In July 2014, a group of all ages gathered at St. Martin-in-the-Fields Episcopal Church for the simple goal of feeding the homeless. Service Sunday was born, with folks gathering on the second Sunday of each month to make sack lunches for those lined up outside the doors of Union Gospel Mission of Tarrant County (UGM), hoping for a meal. Over 1,300 sack lunches have fed those in need since this ministry began.
Service Sunday has expanded with monthly giving campaigns to help support the ministry of UGM. After a year of reaching out with love to those in need, teens and adults gathered for a week of mission work at UGM.
On July 20-23, a team of volunteers loaded up in vehicles each morning around 8:00 am, donning blue “volunteer” shirts. They gathered for prayer and left the St. Martin’s parking lot, not knowing exactly what the day would bring.
Lezlee Kinney, volunteer coordinator at UGM, offered many areas for our team to volunteer. From leading chapel, sorting books and clothes in the donation warehouse to scrubbing pews in the chapel, teens and adults worked side by side to make a difference. But, the single most transformative experience for our group was found in the large kitchen and dining hall that provides lunch for over 300 people each day.
Teens and adults were tasked with chopping vegetables, setting the tables with napkins and silverware, and helping prepare a healthy meal for the children, teens and adults who often wonder where their next meal may be found. Each guest was served “restaurant style” with a teen or adult bringing their meal directly to their table.
Lunch was a fast operation, with teens and adults swooping to clear and clean tables and prepare for the next round of guests entering the dining area. Those who entered the dining hall were exhausted from the heat and looking for a few moments of rest and “comfort food.”
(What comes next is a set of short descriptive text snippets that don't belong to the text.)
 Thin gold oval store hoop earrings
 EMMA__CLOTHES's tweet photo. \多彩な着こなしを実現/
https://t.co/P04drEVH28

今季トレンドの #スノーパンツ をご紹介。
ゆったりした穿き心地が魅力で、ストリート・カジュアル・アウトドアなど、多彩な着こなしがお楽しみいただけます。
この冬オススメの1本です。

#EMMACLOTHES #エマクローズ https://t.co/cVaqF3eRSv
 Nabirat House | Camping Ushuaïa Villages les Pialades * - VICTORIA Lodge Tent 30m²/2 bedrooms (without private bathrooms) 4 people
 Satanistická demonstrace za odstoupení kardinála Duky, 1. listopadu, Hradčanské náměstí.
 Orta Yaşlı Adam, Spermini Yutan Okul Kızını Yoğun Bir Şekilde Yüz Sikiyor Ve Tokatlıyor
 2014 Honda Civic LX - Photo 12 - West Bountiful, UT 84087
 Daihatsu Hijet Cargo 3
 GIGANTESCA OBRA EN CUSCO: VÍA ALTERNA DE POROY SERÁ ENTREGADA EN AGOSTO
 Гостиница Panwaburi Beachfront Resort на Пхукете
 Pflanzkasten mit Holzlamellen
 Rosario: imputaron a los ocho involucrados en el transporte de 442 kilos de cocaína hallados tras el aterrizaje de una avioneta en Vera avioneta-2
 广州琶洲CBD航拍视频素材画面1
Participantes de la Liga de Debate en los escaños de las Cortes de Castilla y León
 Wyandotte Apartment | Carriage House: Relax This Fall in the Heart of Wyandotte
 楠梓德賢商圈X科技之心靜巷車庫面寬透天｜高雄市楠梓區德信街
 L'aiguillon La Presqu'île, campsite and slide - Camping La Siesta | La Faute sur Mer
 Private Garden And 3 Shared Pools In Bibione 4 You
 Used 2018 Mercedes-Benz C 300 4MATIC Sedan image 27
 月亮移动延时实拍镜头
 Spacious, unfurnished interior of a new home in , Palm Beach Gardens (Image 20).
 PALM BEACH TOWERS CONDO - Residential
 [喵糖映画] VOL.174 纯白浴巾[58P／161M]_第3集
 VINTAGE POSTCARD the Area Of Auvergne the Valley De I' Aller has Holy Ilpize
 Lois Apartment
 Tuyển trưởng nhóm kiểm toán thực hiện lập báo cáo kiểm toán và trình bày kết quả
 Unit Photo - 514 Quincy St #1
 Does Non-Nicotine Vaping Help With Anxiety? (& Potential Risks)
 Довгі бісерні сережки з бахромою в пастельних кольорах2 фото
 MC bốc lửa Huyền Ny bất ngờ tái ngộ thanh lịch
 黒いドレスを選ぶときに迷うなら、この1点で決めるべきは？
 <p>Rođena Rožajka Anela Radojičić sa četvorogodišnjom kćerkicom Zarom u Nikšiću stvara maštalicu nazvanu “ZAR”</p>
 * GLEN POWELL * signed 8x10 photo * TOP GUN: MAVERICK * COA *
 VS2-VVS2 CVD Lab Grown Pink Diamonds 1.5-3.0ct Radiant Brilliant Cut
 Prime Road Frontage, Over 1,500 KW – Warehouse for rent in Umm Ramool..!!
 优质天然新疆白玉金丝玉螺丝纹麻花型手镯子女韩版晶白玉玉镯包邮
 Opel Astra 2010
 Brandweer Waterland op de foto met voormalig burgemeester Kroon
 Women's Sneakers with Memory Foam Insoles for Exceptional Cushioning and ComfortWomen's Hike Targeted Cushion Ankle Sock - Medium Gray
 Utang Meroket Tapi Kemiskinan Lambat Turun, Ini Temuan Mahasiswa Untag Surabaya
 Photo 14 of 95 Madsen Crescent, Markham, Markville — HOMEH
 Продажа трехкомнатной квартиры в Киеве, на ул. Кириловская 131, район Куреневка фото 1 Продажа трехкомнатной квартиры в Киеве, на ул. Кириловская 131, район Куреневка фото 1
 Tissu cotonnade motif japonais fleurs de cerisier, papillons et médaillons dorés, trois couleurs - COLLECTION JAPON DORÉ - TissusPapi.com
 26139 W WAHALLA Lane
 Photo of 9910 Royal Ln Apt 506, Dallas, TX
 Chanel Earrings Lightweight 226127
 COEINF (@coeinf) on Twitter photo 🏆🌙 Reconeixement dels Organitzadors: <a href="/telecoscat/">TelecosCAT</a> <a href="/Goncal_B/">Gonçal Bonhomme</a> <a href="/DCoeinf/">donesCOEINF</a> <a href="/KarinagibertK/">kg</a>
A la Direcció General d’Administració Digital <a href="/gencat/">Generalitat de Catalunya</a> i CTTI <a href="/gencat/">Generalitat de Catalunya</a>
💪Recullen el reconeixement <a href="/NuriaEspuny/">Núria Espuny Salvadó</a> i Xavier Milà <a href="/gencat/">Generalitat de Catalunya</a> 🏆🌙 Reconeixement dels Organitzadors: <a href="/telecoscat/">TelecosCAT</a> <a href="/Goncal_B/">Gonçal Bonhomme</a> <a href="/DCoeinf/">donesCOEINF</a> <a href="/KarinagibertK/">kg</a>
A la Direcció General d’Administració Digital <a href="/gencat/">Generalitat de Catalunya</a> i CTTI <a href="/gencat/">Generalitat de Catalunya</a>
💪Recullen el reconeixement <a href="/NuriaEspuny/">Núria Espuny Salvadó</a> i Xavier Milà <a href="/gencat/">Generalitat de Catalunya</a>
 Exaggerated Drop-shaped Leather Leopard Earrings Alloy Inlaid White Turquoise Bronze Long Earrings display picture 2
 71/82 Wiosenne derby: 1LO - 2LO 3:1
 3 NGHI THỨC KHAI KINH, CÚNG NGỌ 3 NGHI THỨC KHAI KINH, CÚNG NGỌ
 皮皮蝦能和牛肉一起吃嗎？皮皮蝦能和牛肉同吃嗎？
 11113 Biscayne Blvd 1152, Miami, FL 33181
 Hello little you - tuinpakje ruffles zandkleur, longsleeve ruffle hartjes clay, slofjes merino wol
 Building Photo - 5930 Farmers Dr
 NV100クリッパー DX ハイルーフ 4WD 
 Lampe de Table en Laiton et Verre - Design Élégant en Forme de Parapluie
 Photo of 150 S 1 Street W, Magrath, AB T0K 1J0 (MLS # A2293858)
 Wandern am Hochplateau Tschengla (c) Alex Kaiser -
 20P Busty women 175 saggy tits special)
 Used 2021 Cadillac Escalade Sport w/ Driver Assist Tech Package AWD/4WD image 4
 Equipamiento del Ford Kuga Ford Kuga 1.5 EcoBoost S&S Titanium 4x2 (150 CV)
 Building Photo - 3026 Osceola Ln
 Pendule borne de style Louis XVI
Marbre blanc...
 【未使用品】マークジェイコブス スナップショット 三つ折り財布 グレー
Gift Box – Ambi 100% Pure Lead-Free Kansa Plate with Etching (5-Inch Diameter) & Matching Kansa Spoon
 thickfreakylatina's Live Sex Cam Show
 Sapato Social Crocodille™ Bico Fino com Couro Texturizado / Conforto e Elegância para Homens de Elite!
On the last day of City Week, teens and adult volunteers gathered for a brainstorming session, to think of ideas and programs that might benefit UGM. Paula Maddon, an adult volunteer, recalled a moment:
We were talking about if we had $1000 to spend, what we could do with this amount of money to make a difference in the lives of homeless people. As we were discussing ideas, the conversation turned around to whether the homeless person ever imagined when they were teens that they ever would be in the situation that they are in now—homeless. The kids were really quiet and thoughtful for a while, and the consensus was that at their age now, they couldn’t imagine that they would ever need the services of a place such as Union Gospel Mission—that they’d ever end up homeless, and therefore they decided the typical homeless person never thought they would be in the situation they were in now.
It was so good to see the people who came to celebrate their birthdays be happy! When I came over to help this family [by giving them some water to use for painting crafts], they said thank you every single time I came over, which was a lot! I found out later that family was making calls about getting a home soon, and I was ECSTATIC for them!!!I also LOVED seeing the kids faces when we did crafts and when we handed out food trays; their smiles just broke my heart but warmed it at the same time! You were right when you said we became different people after each day of the mission trip!
I enjoyed being with the youth and the other adults. It caused me to get out of my concerns and the concerns of my fellow “oldsters” and to realize how wonderful the outlook of the youth are at St. Martin. They are very caring and eager to help others not as fortunate as they are.” said Joan Thelin, an adult volunteer.
You all thanked me, [but] it is the Mission who thanks you all. Your serving hearts, attitudes and effort were amazing to witness.We look forward to many more experiences and memories with St. Martin-in-the-Fields!